I'm no expert but when I rout out a frame such as your's, I'll do a rough cut to remove most of the waste (red) and follow up with a flush trim bit and a guid made out of 4 pieces of scrap wood to use as a guide. Secure it with double sided tape and use a table top mounted router.


----------



## Stick486 (Jan 4, 2013)

dcrusoe said:


> Folks, a request please. I have a couple of wood cabinet doors I have to rout out the inside as in the picture I've attached. the blue is what I want to end up with, the red is waste. I understand the corners will be rounded due to the router bit and that is fine. Now I have a new PC Plunge Router with a new Porter-Cable Router Precision Edge Guide. I've added a small hardwood edge to the guide end. and I "think" I should be able to use that but I am not sure how that would work going around the corners. which is why I am posting. Is my thinking correct or is there an easier i. e. better way to do this?
> 
> Thank you in advance for any help/thoughts/insights/wisdom/jokes you may be able to share


use your table saw to rough cut out the waste...
mark where the blade doesn't need to cut...
lower the blade all the way...
set the fence to how muck of border/frame you want...
set the panel up against the table saw fence and raise the blade all the way to max up through the panel... 
make your cut..
turn the saw off and lower the blade...
turn the panel 90º and repeat the process...

don't forget that the saw blade is round and where you stop cutting on the top of the panel the blade will cut into the frame a bit further on the bottom side...
cut apiece of scrap and you'll see what I'm talking about and you use the test cut to gage/measure your cuts on the good piece...


----------



## JOAT (Apr 9, 2010)

shake this said:


> I'm no expert but when I rout out a frame such as your's, I'll do a rough cut to remove most of the waste (red) and follow up with a flush trim bit and a guid made out of 4 pieces of scrap wood to use as a guide. Secure it with double sided tape and use a table top mounted router.

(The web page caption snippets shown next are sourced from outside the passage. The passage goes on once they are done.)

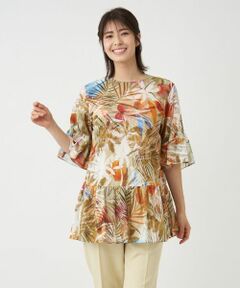 Leilian / レリアン シャツ・ブラウス | 洗えるチュニックブラウス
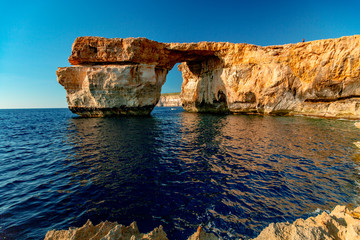Azure window on the island of Gozo, Malta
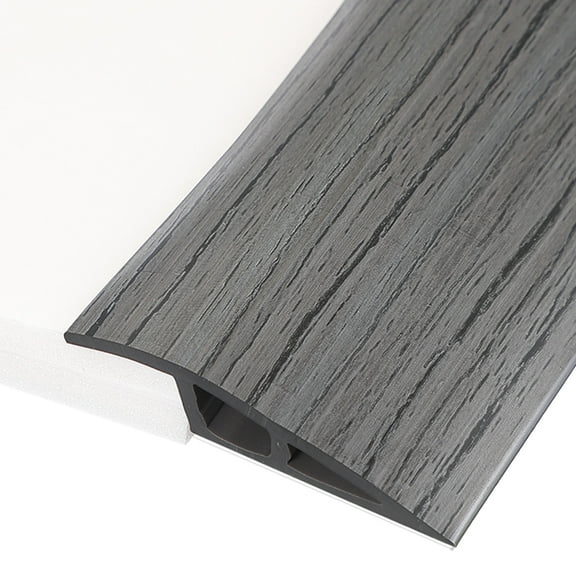 Uxcell Floor Transition Strip 3.3ft Self-Adhesive Flooring Edge Trim Strip for Uneven Floors Gaps from 1/4" to 3/8", Dark Gray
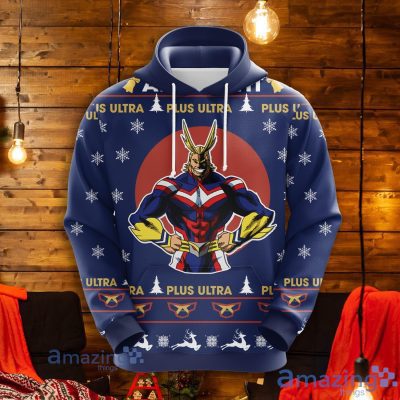 MY HERO ACADEMIA All Might Ugly Christmas Pullover Hoodie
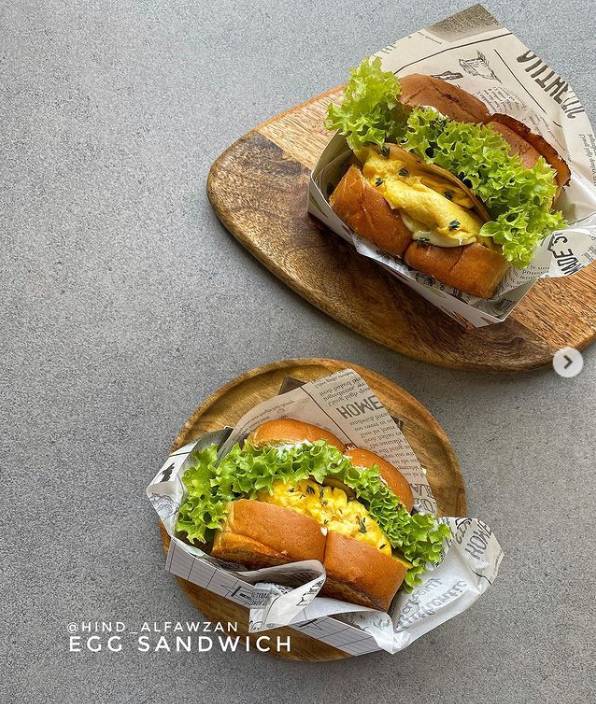 ساندوتش بيض بالبريوش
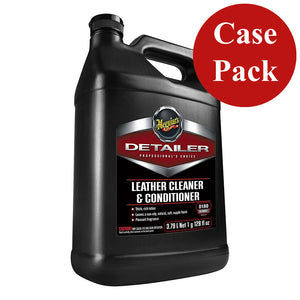 Meguiars Detailer Leather Cleaner  Conditioner - 1-Gallon *Case of 4* [D18001CASE] - BuoyMart.com  Cleaning Meguiar's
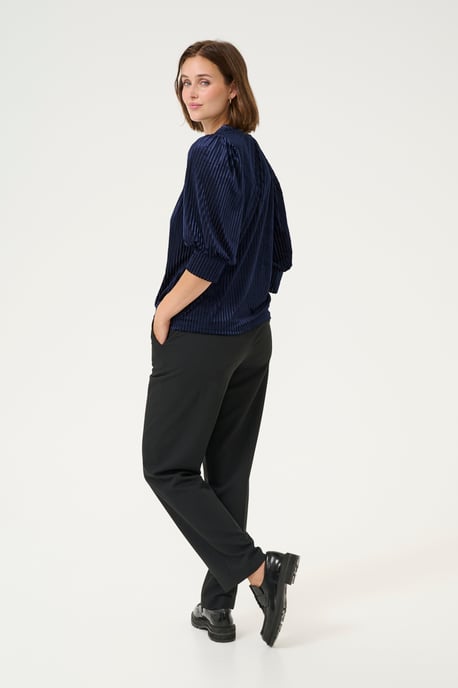 Blouse met lange mouwen Loose fit Midnight Marine  - Image 2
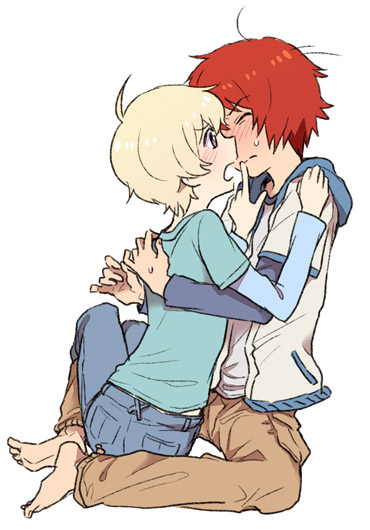 haru and sanada yuki (tsuritama) drawn by naruko_(nalcoro)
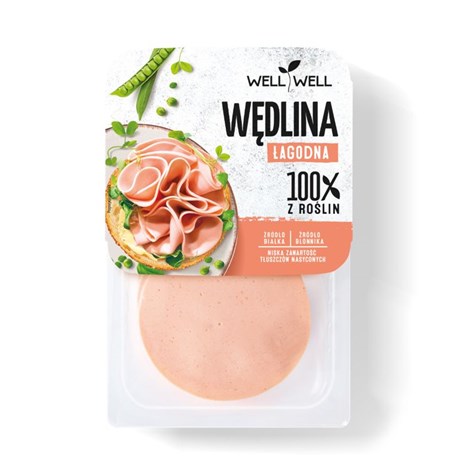 WELL WĘDLINA ROŚLINNA ŁAGODNA 100g /8/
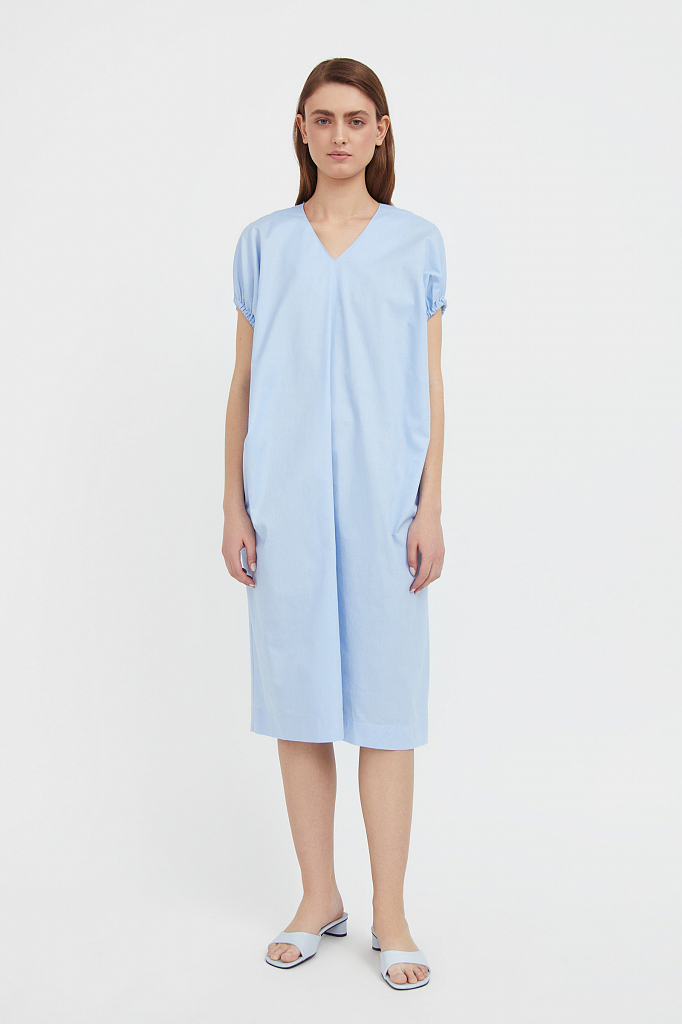 Платье женское Finn Flare S21-11081 голубое XL/2XL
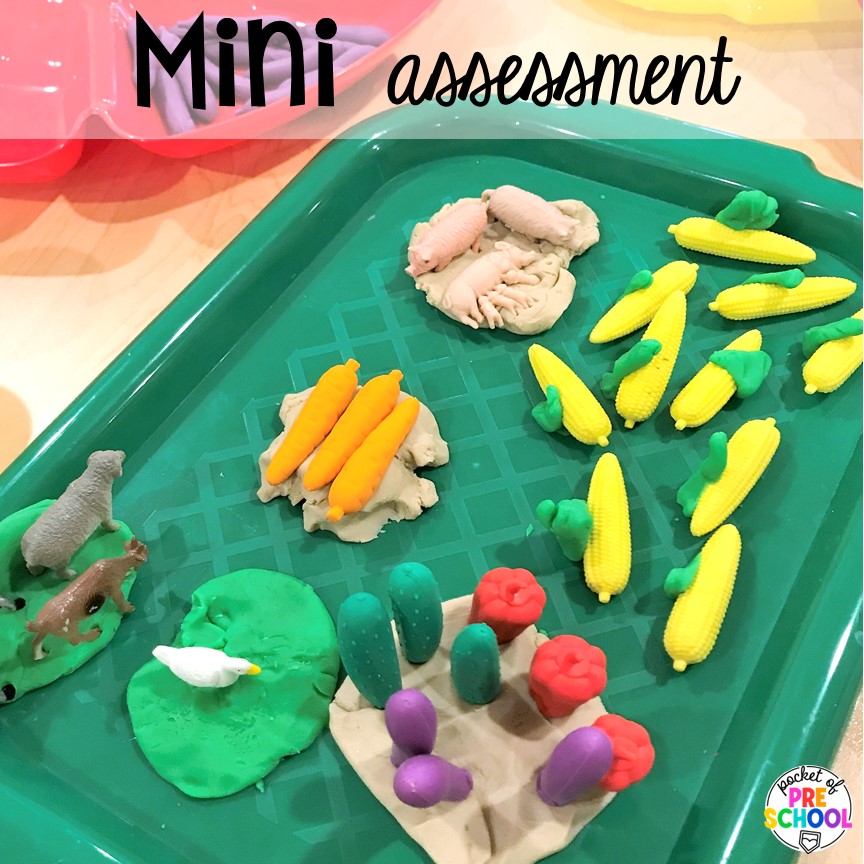 Use play dough trays for a mini assessment in your classroom. Read about the benefits and how to use play dough trays in the preschool, pre-k, and kindergarten classroom.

Yep, that pretty much covers it. And, if you want the corners square, instead of rounded, a bit of careful saw work will take care of that. Might want to practice with scrap first.


----------



## Quillman (Aug 16, 2010)

"Is my thinking correct or is there an easier i. e. better way to do this?"
*****************************************
Edge guide, whilst possible, is way too unwieldly if neatness counts.
I also would not plunge saw, an extremely dangerous practice.
What else? Cut most of the waste with a jig saw.
Then tack on some wide straight edges (back side) that map out the waste.
Now rout-flush-trim the waste. Guide bushing or bearings rolling along this
battery of straight edges.
Routers


----------



## MT Stringer (Aug 15, 2012)

Thinking farther down the road, what are you going to do with the waste left in the grooves of the rails and stiles where the existing panel fit in to?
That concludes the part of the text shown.